▶ [Records to process]:
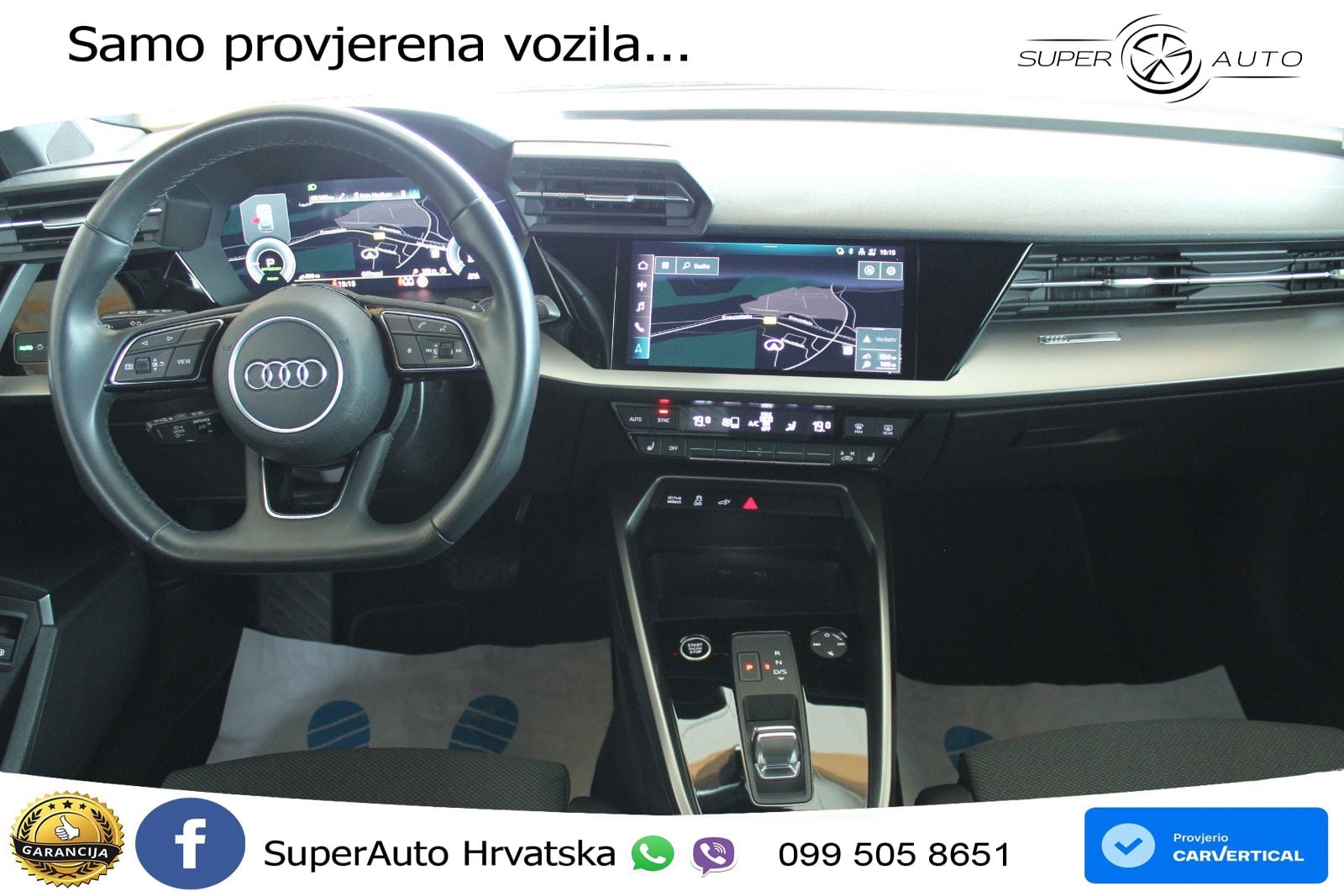 Audi A3 40 TFSIe (204 KS) S tronic LED+GR SJED+ACC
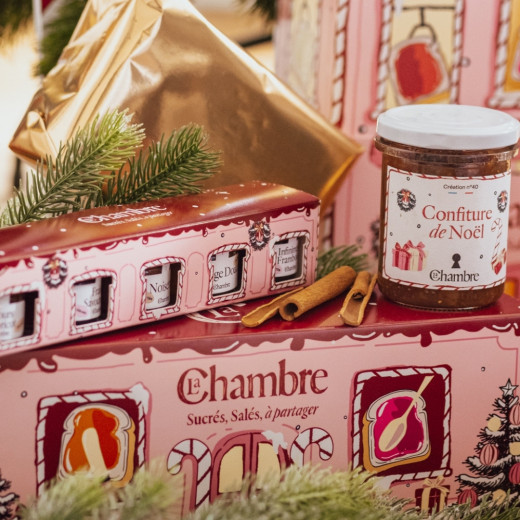 Mini Christmas Set 5x30g – Gourmet & Festive Gift | La Chambre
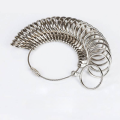 wholesale Metal material Hong Kong code, US, UK size ring finger measurement ring, finger size measuring tool, ring size tool, ring sizer-0-0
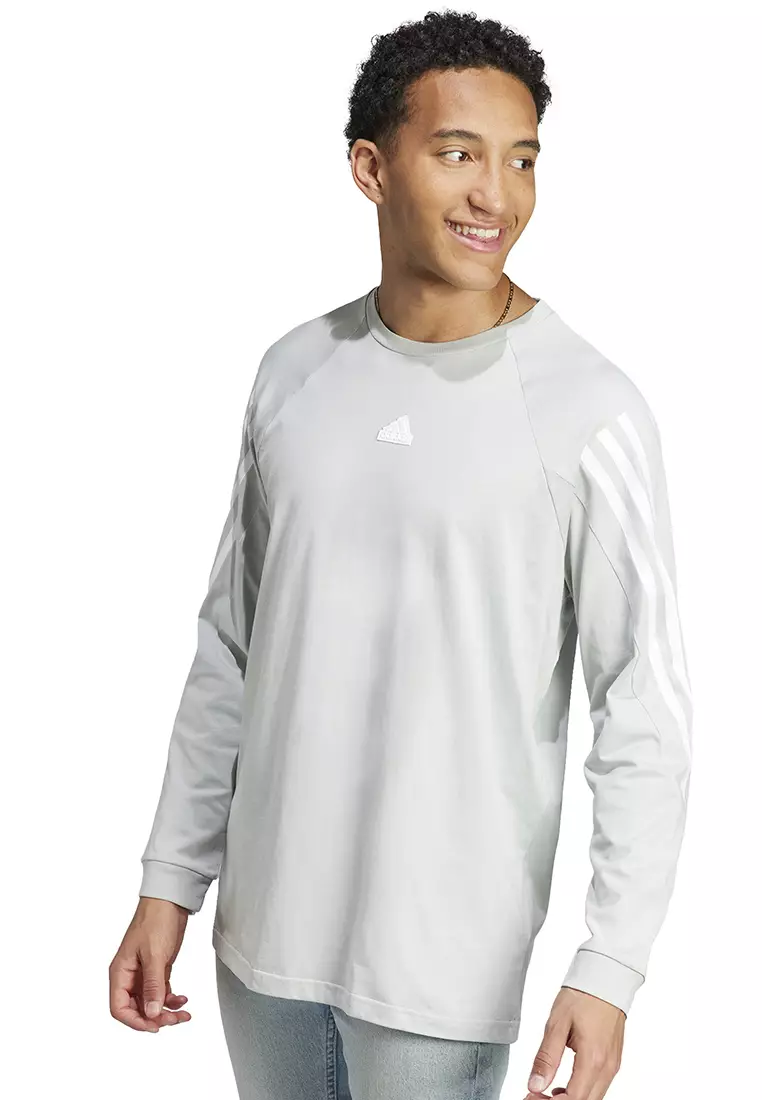 T shirt adidas lengan panjang online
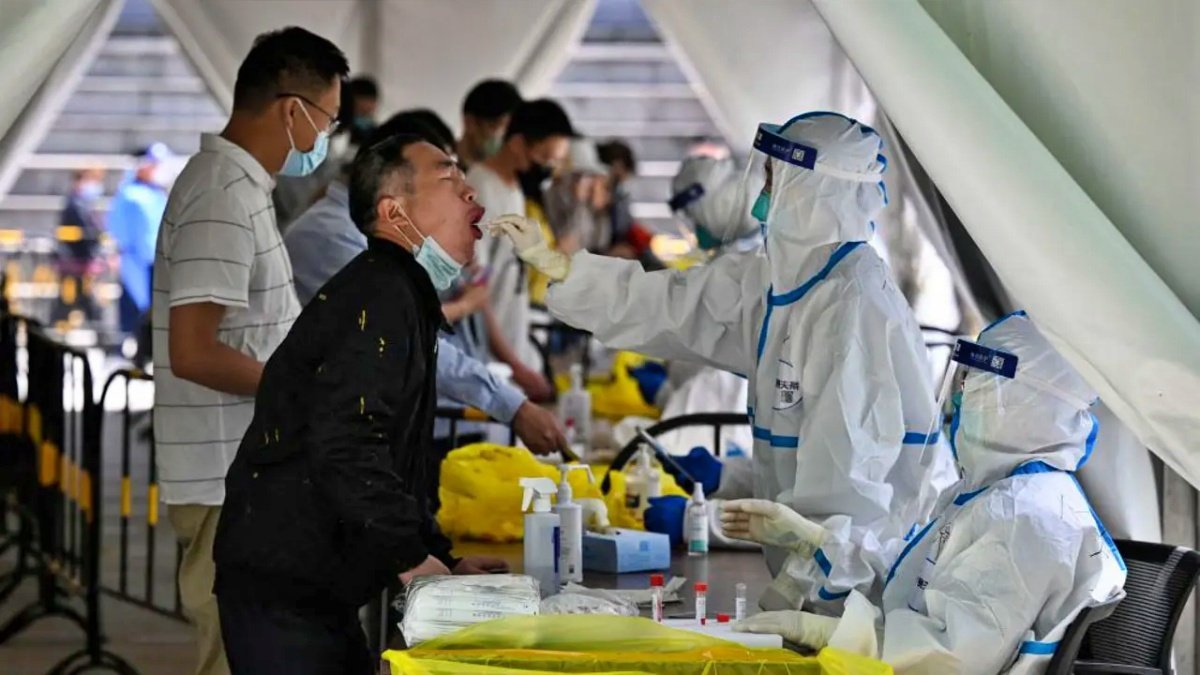 China logged more than 5,600 new Covid cases Monday, Highest Daily Covid Cases in Six Months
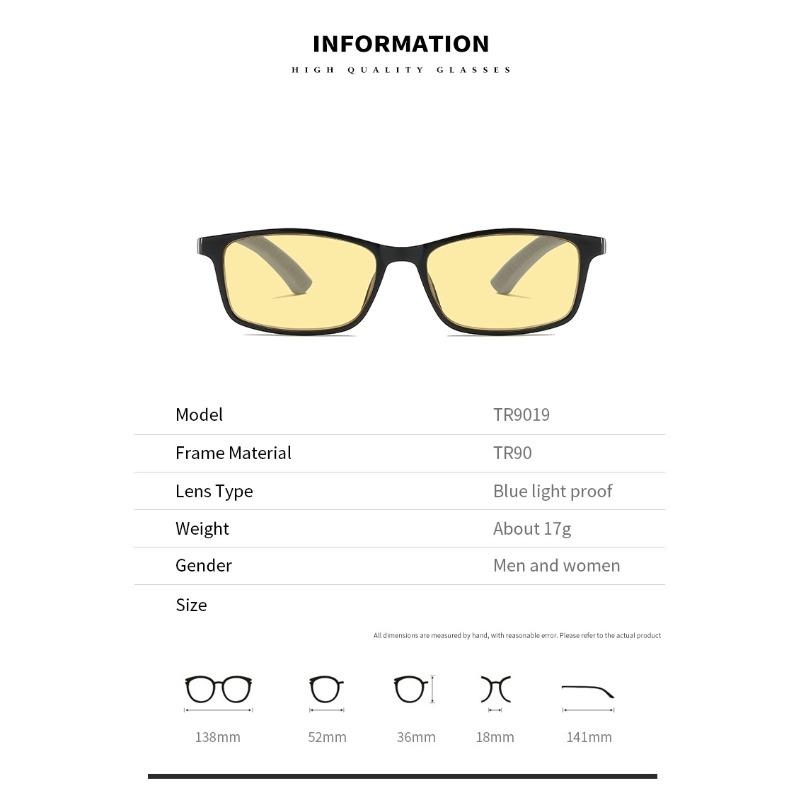 2026 Новые очки для пресбиопии с защитой от синего света и ночным видением, унисекс, высокой четкости, ультралегкие, для чтения от +1.0 до +4.0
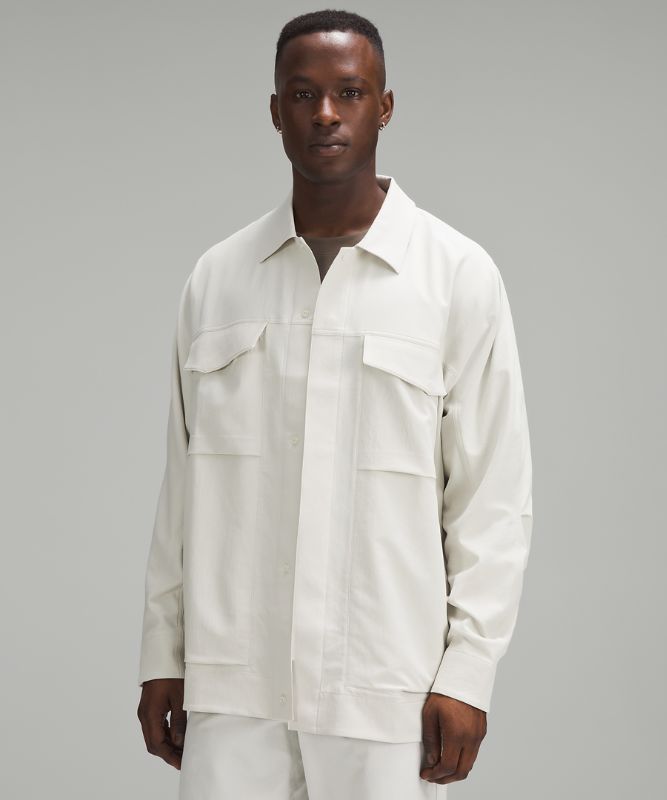 Cargo Pocket Shirt Jacket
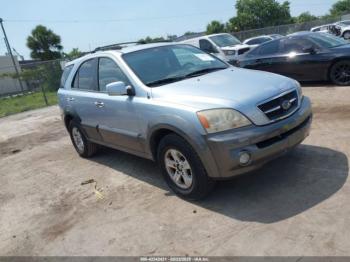  Salvage Kia Sorento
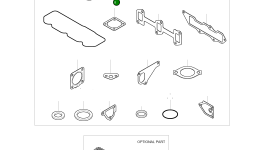Прокладка K9004753 Komatsu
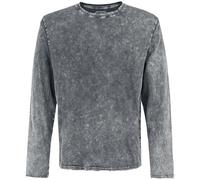 RED by EMP Overcome Long-sleeve Shirt grey XL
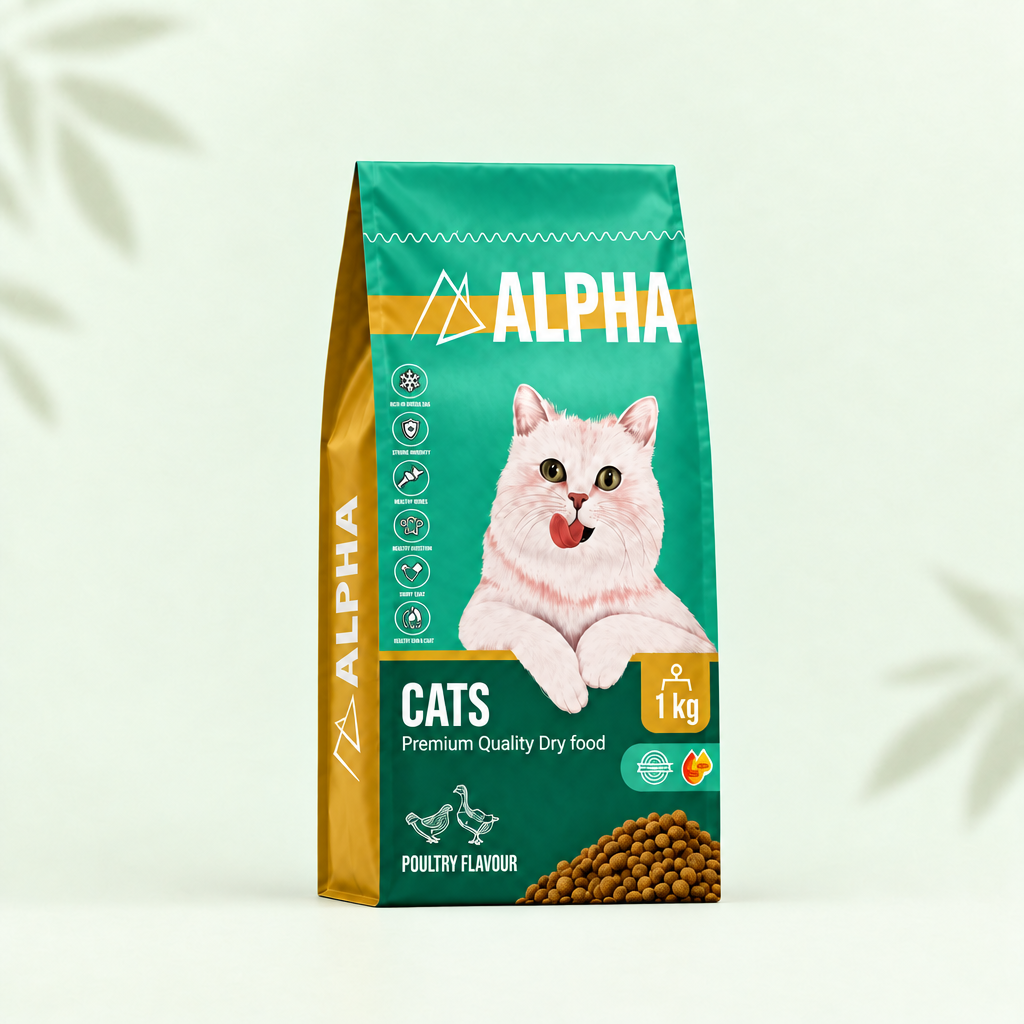 Alpha Adult Cat Poultry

▶ [Exercise aim]: Could you write out exactly the lines from the line containing "Salvage Kia Sorento" to the end of the material, and nothing else? No pictures belong in the copy.

▶ [Answer section]:
  Salvage Kia Sorento
Прокладка K9004753 Komatsu
 RED by EMP Overcome Long-sleeve Shirt grey XL
 Alpha Adult Cat Poultry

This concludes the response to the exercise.